LSTM based AE-DNN constraint for better late reverb suppression in multi-channel LP formulation
Srikanth Raj Chetupalli, and Thippur V. Sreenivas
The Problem
''Late reverberation suppression"
Multi channel linear prediction for suppression of late reverberation component in a reverberant signal is
considered in this paper. Late reverberation is modeled using linear prediction with a delay in short time Fourier
transform (STFT) domain, and the early reflection part is obtained as the prediction residual signal (desired signal).

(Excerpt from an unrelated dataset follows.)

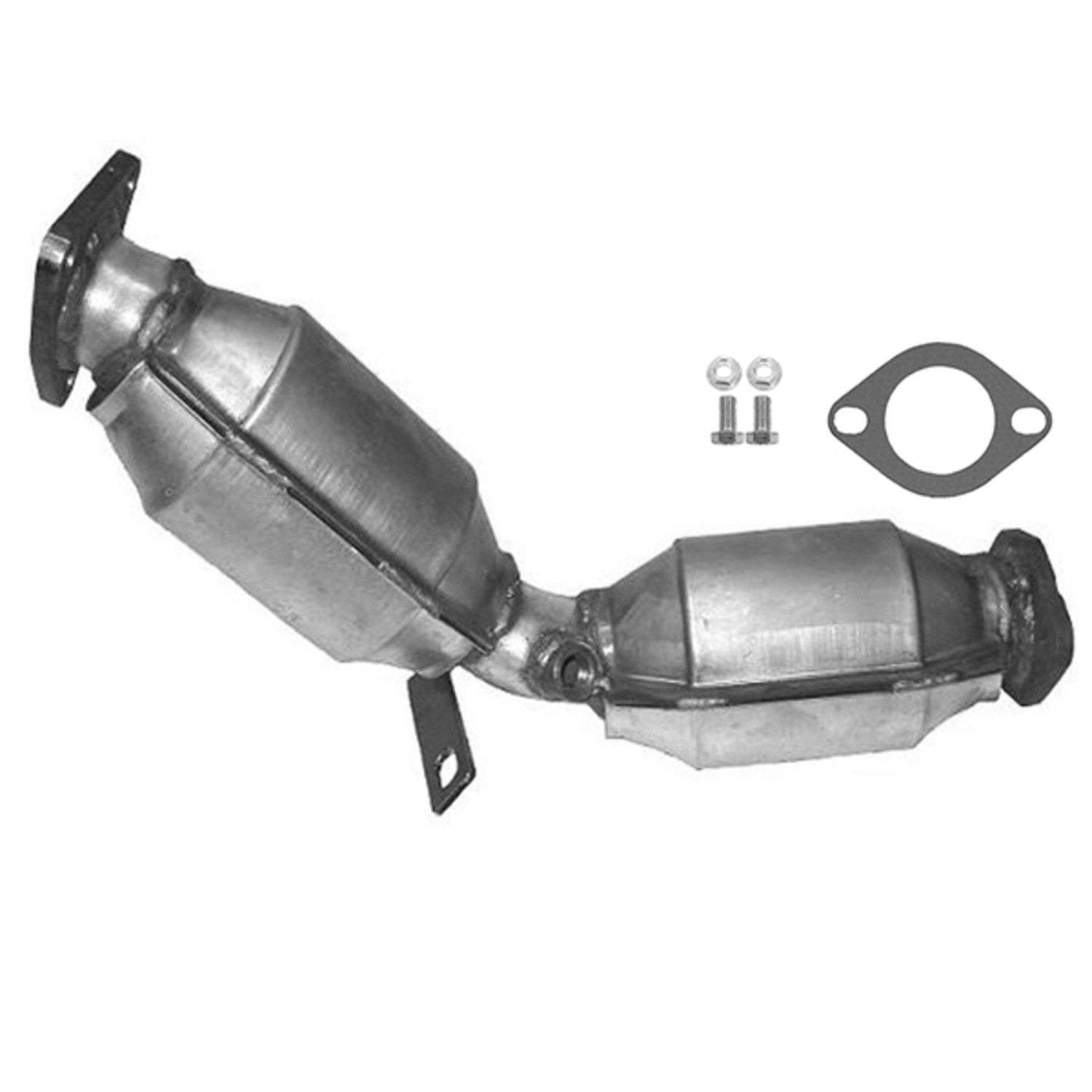Eastern Catalytic Catalytic Converter-Direct Fit  40333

Time-varying Gaussian source model is considered for the desired signal, which leads to a Weighted Prediction Error
(WPE) minimization problem. The weights depend on the instantaneous power spectral density (PSD) estimates for the
desired signal. Prediction filters and the weights are estimated iteratively in an alternative manner. Reverberant
signal is used to initialize the iterations, which has poor convergence properties. To solve this, we investigate a
deep neural network based estimation of the desired signal PSD.
The Approach
DNN Estimation of desired signal PSD
An auto-encoder DNN is used as the non-linear estimator of desired signal PSD. The DNN is trained on clean
speech log STFT magnitudes. In each iteration of MCLP, the estimated desired signal STFT coefficients are
input to the DNN to predict the desired signal PSD. The estimated PSD is then used as weights in the WPE
minimization. The method uses the predictive power of DNNs to improve the performance of a traditional
signal enhancement method. Fully connected (FC) and LSTM architectures are explored for the DNN, and LSTM
due to its exploitation of temporal correlations is found to give better auto-encoder and also signal
enhancement performance.
Experiments
Figures below illustrate the input and output of the auto-encoder network for the clean speech
(ideal desired signal PSD), reverberant signal (desired signal PSD for the first iteration) and the enhanced speech
(desired signal PSD for the last iteration). The AE output PSD at convergence is close to the corresponding PSD for
clean speech.